Problem statement >>
Extract exactly those lines that lie between the start of the material and the line with "Let's start. Today", including both boundary lines and no others.

Task data >>
==================================================

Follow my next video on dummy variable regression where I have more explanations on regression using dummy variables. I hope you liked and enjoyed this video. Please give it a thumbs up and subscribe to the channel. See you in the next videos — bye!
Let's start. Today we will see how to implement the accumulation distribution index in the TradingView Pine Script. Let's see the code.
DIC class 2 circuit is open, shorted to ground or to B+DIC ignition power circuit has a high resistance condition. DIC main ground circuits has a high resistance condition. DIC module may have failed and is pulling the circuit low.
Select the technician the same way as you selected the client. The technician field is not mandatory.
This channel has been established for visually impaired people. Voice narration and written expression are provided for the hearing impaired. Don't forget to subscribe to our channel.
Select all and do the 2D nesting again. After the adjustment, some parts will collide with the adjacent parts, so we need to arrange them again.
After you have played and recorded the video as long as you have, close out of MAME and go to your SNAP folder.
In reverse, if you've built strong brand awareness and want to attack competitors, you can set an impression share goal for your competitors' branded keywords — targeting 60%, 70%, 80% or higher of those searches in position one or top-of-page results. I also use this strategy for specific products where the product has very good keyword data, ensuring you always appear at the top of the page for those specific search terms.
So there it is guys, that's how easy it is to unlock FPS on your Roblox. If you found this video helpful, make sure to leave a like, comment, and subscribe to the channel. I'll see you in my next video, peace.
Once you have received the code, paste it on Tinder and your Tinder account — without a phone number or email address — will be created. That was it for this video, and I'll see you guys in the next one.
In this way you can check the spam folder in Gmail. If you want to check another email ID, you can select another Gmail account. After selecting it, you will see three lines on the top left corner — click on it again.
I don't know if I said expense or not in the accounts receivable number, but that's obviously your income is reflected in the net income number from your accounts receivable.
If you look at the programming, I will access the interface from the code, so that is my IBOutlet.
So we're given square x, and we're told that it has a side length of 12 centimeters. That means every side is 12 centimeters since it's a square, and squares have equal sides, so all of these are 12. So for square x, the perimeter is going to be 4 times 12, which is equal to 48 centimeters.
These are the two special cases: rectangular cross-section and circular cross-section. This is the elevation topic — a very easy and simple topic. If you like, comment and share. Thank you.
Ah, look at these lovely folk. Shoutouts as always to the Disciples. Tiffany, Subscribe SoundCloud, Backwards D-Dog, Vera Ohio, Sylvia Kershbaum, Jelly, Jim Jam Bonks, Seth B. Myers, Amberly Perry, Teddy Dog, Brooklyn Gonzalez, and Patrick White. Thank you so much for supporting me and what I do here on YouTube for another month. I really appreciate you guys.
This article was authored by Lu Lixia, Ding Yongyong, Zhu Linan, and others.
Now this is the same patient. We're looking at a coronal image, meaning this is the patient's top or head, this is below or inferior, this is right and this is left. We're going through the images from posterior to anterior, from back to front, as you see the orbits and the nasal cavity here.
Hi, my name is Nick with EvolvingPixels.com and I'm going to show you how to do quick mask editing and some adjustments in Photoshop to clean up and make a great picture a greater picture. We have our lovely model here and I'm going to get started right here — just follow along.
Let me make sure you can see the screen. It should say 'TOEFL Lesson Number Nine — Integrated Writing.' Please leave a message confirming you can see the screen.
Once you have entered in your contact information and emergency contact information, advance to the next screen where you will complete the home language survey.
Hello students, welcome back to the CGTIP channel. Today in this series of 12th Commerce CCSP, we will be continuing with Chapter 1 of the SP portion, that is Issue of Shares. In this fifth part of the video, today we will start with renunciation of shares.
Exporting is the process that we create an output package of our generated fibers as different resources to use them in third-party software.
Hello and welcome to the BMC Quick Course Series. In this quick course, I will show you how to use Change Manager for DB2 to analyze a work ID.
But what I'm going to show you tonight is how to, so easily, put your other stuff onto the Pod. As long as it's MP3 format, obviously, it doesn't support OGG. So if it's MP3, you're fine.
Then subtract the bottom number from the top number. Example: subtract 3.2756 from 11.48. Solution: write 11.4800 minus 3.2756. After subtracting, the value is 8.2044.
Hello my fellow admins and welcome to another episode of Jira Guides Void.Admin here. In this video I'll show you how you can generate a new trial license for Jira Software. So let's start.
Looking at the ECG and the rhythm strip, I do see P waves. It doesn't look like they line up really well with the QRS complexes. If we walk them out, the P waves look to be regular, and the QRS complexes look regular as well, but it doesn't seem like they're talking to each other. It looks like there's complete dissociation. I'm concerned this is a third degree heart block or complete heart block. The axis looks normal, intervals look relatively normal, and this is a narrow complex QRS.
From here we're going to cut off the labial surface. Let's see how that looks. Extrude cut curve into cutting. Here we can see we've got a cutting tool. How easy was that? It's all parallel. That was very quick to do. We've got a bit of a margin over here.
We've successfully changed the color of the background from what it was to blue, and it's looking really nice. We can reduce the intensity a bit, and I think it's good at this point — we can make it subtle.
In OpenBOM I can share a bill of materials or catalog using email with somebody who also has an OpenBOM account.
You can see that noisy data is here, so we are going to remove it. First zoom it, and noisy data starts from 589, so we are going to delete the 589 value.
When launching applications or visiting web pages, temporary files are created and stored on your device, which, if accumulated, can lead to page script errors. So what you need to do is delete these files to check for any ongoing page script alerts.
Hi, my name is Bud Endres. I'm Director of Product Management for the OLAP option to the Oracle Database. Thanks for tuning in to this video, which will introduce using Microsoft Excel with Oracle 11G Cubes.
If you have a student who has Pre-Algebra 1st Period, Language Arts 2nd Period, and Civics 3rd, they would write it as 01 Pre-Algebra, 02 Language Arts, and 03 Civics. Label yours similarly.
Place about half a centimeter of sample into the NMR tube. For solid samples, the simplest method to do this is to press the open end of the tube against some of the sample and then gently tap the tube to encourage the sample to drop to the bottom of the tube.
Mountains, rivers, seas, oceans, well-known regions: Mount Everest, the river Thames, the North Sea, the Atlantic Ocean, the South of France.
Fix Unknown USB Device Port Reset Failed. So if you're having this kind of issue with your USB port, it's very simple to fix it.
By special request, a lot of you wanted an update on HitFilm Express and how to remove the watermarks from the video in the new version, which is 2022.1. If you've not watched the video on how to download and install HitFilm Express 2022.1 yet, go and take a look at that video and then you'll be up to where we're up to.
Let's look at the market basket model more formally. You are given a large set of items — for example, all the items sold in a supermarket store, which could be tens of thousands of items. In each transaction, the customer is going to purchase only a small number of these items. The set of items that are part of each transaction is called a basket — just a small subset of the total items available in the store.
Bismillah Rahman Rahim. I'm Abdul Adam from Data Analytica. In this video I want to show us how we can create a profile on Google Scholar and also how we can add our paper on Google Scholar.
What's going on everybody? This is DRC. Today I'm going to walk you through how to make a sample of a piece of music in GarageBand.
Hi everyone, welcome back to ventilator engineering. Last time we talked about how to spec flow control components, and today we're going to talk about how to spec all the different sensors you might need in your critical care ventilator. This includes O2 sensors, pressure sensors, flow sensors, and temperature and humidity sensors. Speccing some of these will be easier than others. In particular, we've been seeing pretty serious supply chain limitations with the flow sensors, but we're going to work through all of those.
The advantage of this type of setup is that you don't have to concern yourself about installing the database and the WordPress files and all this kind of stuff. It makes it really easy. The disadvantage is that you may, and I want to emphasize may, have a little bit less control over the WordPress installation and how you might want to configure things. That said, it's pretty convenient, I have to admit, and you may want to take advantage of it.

==================================================

Answer to the problem >>
Follow my next video on dummy variable regression where I have more explanations on regression using dummy variables. I hope you liked and enjoyed this video. Please give it a thumbs up and subscribe to the channel. See you in the next videos — bye!
Let's start. Today we will see how to implement the accumulation distribution index in the TradingView Pine Script. Let's see the code.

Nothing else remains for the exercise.